Pictures aside, return all of the records exactly as they stand.

------ MATERIAL FOR THE TASK

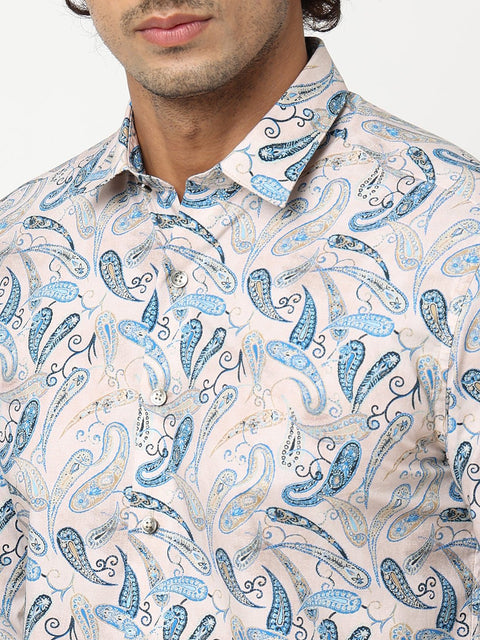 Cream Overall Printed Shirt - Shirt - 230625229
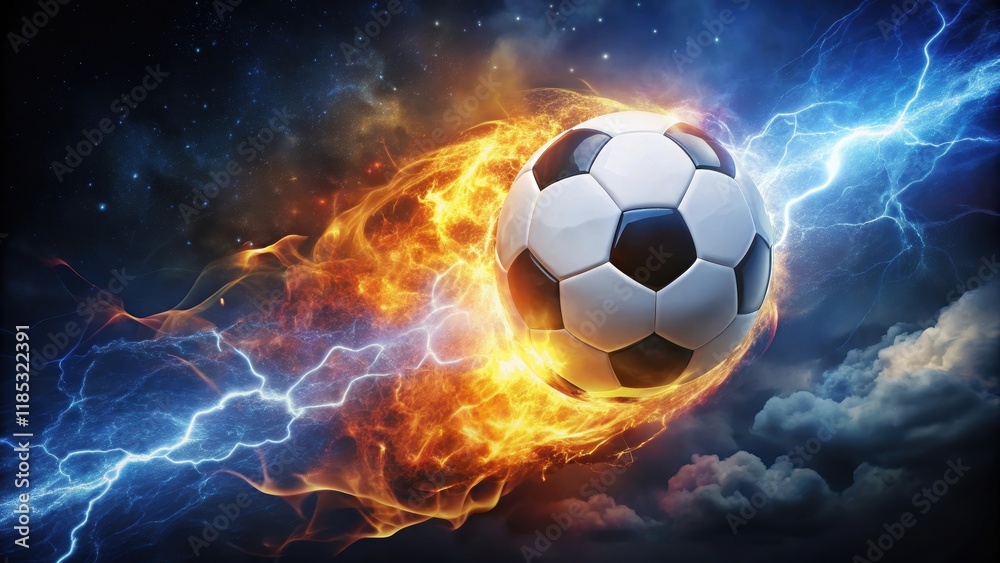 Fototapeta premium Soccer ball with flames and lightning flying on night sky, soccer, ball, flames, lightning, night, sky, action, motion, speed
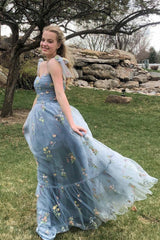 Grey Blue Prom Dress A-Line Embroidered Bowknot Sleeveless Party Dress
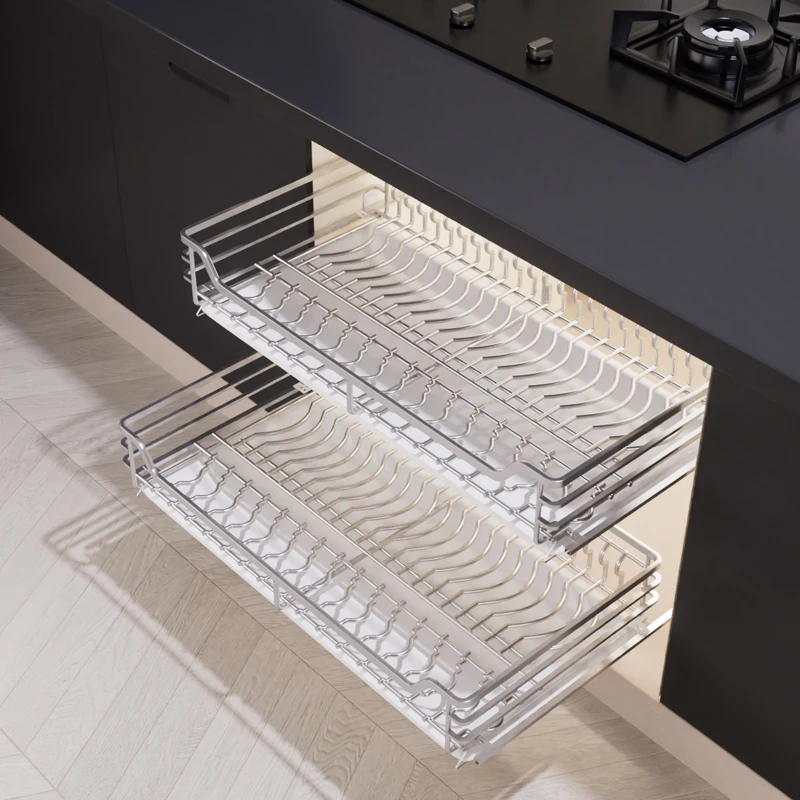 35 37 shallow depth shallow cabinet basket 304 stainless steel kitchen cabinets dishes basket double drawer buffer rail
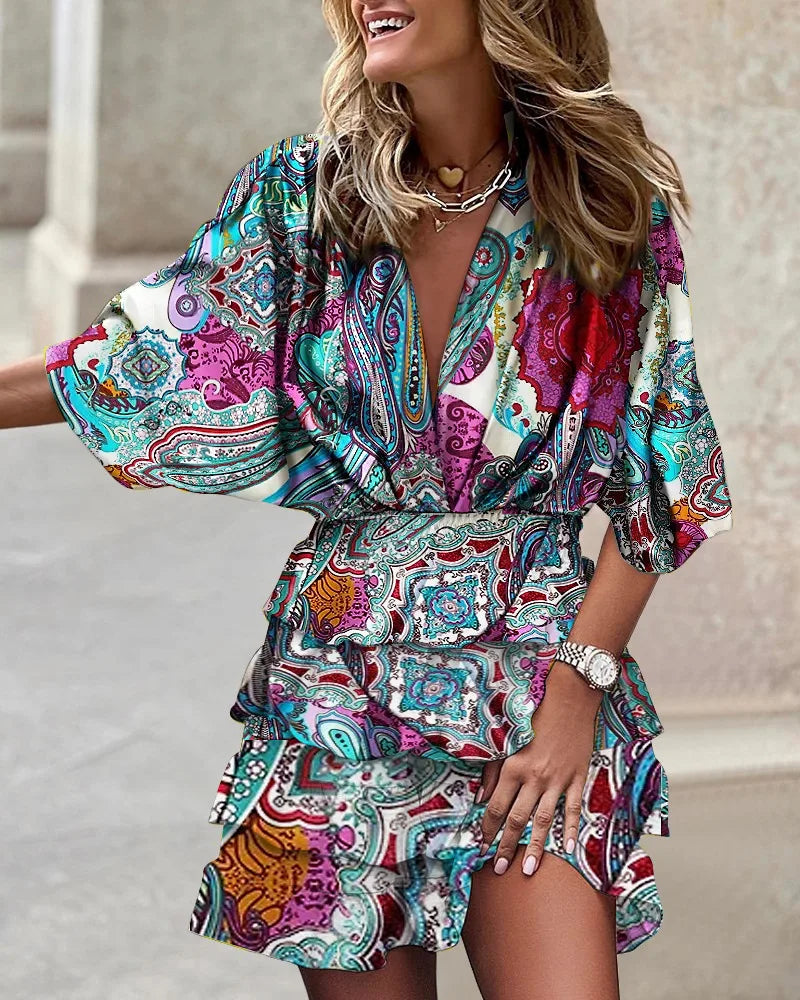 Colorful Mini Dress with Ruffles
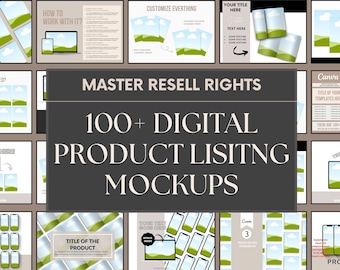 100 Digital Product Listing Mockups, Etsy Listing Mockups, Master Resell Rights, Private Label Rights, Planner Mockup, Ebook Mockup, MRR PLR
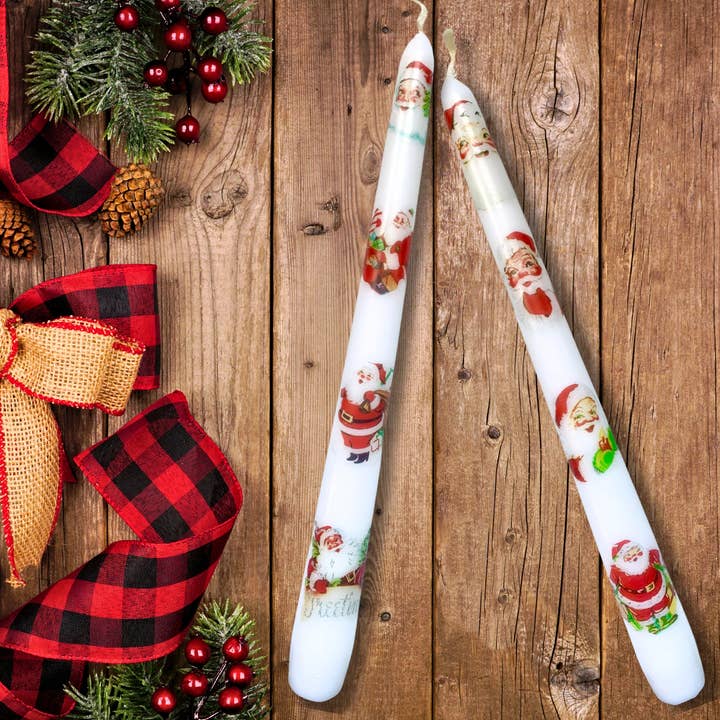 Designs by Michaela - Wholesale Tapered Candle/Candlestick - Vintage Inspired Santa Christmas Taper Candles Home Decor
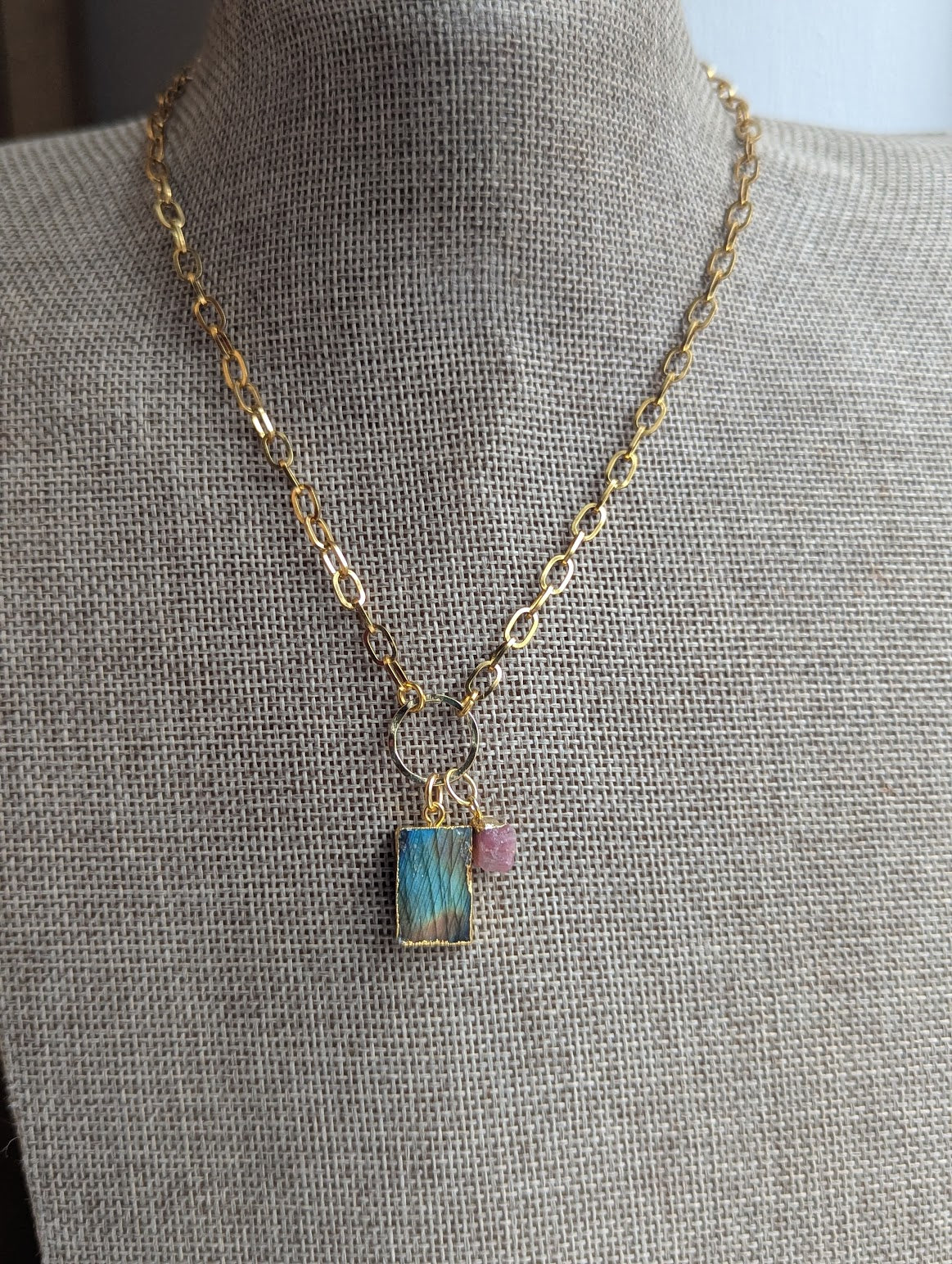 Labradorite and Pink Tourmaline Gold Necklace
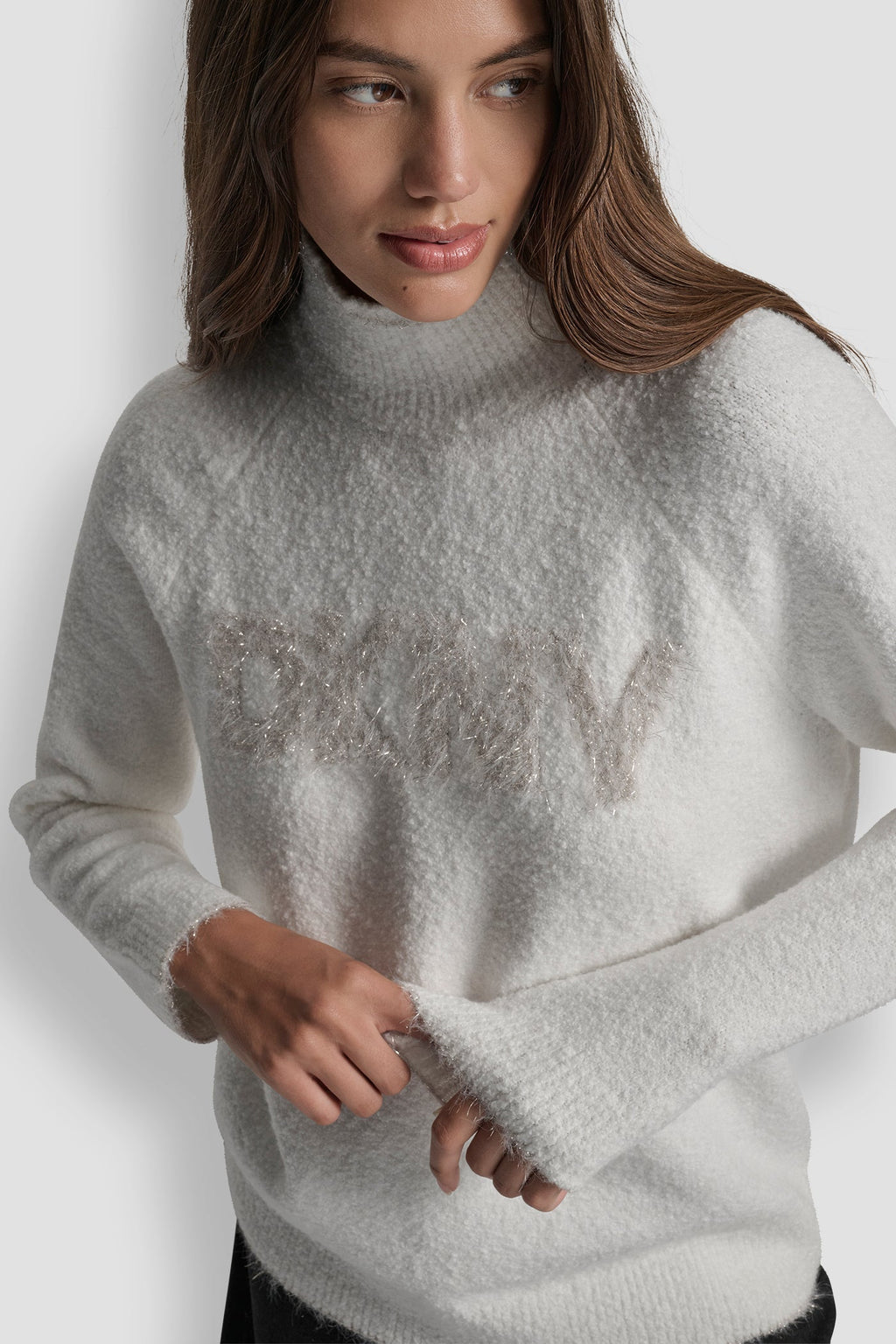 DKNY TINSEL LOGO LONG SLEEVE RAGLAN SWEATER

------------

== FINISHED TASK ==
 Cream Overall Printed Shirt - Shirt - 230625229
 Fototapeta premium Soccer ball with flames and lightning flying on night sky, soccer, ball, flames, lightning, night, sky, action, motion, speed
 Grey Blue Prom Dress A-Line Embroidered Bowknot Sleeveless Party Dress
 35 37 shallow depth shallow cabinet basket 304 stainless steel kitchen cabinets dishes basket double drawer buffer rail
 Colorful Mini Dress with Ruffles
 100 Digital Product Listing Mockups, Etsy Listing Mockups, Master Resell Rights, Private Label Rights, Planner Mockup, Ebook Mockup, MRR PLR
 Designs by Michaela - Wholesale Tapered Candle/Candlestick - Vintage Inspired Santa Christmas Taper Candles Home Decor
 Labradorite and Pink Tourmaline Gold Necklace
 DKNY TINSEL LOGO LONG SLEEVE RAGLAN SWEATER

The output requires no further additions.